━━━ Supplied data

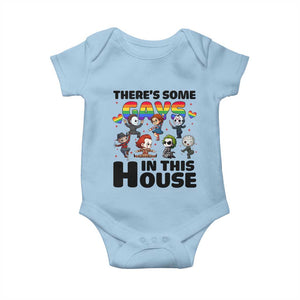 There's Some Gays in This House Baby Onesie Funny LGBTQ+ Horror Character Pride Mashup TS02 Light Blue Print Your Wear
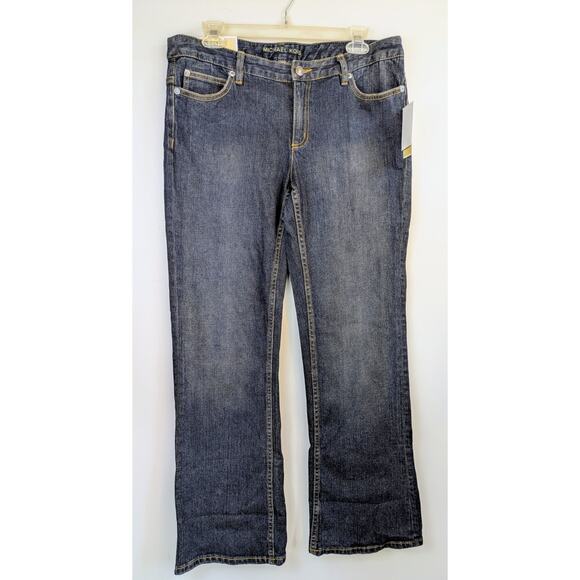 Michael Kors Boot Cut Jeans 10 Blue MK Signature Indigo Mid Rise Stretch NEW - Picture 2 of 11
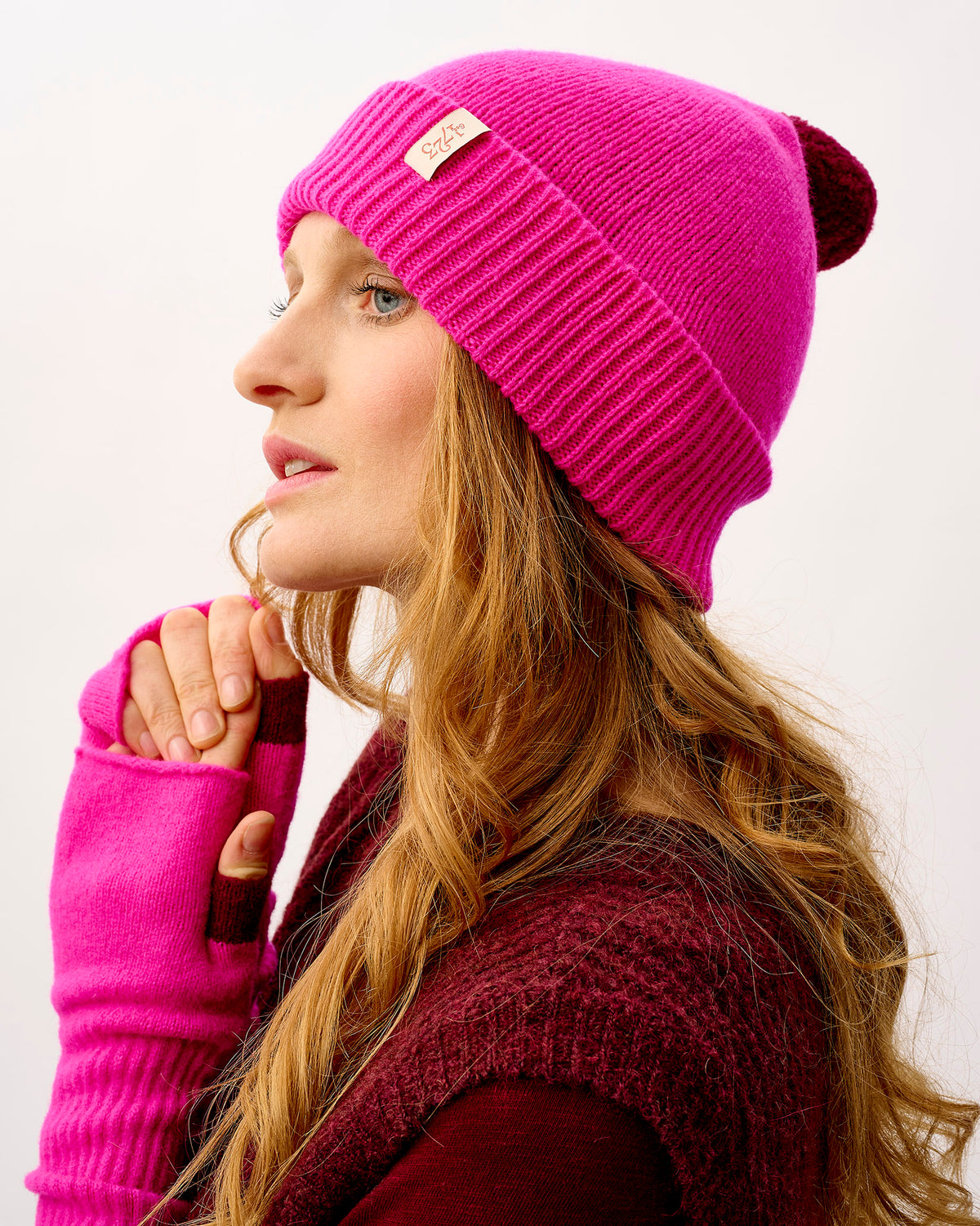 Neon Pink & Bordeaux Lambswool Bobble Hat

━━━━━━

About this exercise>
Your task is to reproduce exactly the lines from the one that holds "Michael Kors Boot" to the last line of the listing, and only those, omitting the pictures.

Solution for this task>
 Michael Kors Boot Cut Jeans 10 Blue MK Signature Indigo Mid Rise Stretch NEW - Picture 2 of 11
 Neon Pink & Bordeaux Lambswool Bobble Hat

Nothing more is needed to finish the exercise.